24 Feb The 10 Things Great Consultants Do
During a brief foray into the world of IT consulting last fall, I got to watch a really great consultant in action. Sure, he’s a Solutions Architect and Partner at SCM Connections with 20 something projects under his belt and 15+ years of experience in the industry. But what makes him a really strong consultant isn’t just his experience and expertise, it’s something extra.
So what’s the difference between a good consultant and a great one? Here’s our list.
The best consultants:
- They’re paranoid. They anticipate and plan for EVERYTHING. As one consultant described it, it’s your job as a consultant to flank both sides of the client and make sure he has answers to the unforeseen questions that will inevitably come his way.
- They’re good politicians. They understand the political dynamics at the client, but they don’t get involved and they don’t get wrapped up in it. When Thursday afternoon rolls around, they can check out without taking home the political baggage.

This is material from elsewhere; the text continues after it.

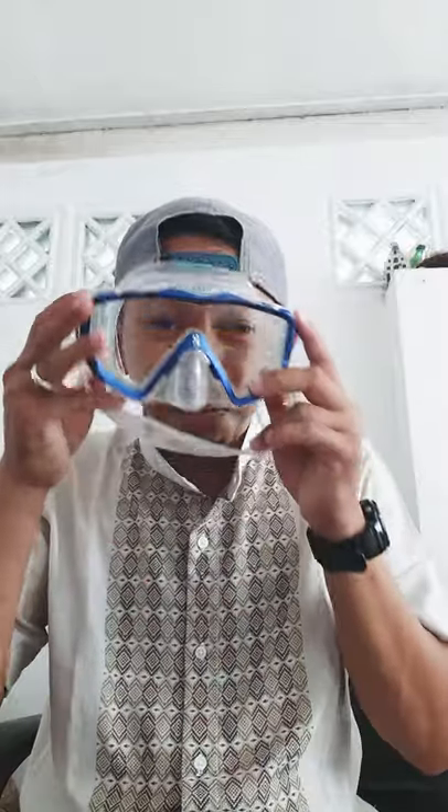It's a little bit smaller than the Oceanic Shadow, but it's still very easy to put on during a dive and still easy to equalize. I have tried this mask and it's one of my spare masks. It's a very nice, wide view mask.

- They’re genuinely nice. Sounds weird, right? It’s actually not. A good consultant knows that his network is only as strong as his reputation, his experience and his connections. Even if he’s the best solutions architect out there, if he’s hard to get along with, clients and colleagues will remember that and the next time he’s interviewing, his reputation will follow him.
- They know who makes the decisions. In the first two to three weeks, they write out two org charts for themselves: one is an official org chart, and one is the real org chart: the real chain of command, who really makes the decisions, who are the real influencers, etc. Both are equally important to be aware of.
- They don’t get attached. So many consultants want to mark off their piece of the project and guard it ruthlessly so they can see their name all over it when they’re done. This might be a good strategy if you’re an employee wanting to rise through the ranks, but if you’re a consultant, you might have to walk away at any time and then what happens to your piece? Inevitably, it’ll get “cleaned up” by the next consultant who may or may not understand why you did things the way you did them.
- It takes a village. Good ones rely on their network for the unforeseen. When the inevitable APO module that they haven’t worked on comes in to play, they have a list of other guys they can call to walk them through it. They might not know every single module in SAP APO, for instance (because really, who does?) but they sure know who they can call when something comes up.
- They’re renaissance men (and women). They’re deep in one or two areas but can navigate through others. The best consultants are excellent at what they do, but they’re also constantly looking for more training and projects that will expose them to other parts of the business.
- They’re bilingual. They speak the language of IT AND business. It’s a rare breed, but the consultant who can speak both IT and business does well in an environment where you need both the business savvy and the IT knowledge to architect and implement the right solution. If you can’t speak both fluently, your value to the client has a ceiling that’s hard to break.
- They’re doers. They like to get their hands dirty. When we were building our website recently, one of our partners worked until midnight for days on end learning how to work with WordPress, fine-tuning images in Photoshop and learning what the best websites out there were doing. Could he have handed the project over to a junior team member? But he wanted to understand how it worked and put things together with his own hands. And that’s part of why they’re consultants; they don’t want to delegate to others, they’re curious and want to see how things work for themselves.
- They keep things in perspective. The best consultants know what to sweat and what to let go of. When their time is being pulled in 17 different directions, they know how to cut through the noise and listen to what the client is really saying and what they really need, and then figures out how to make that happen.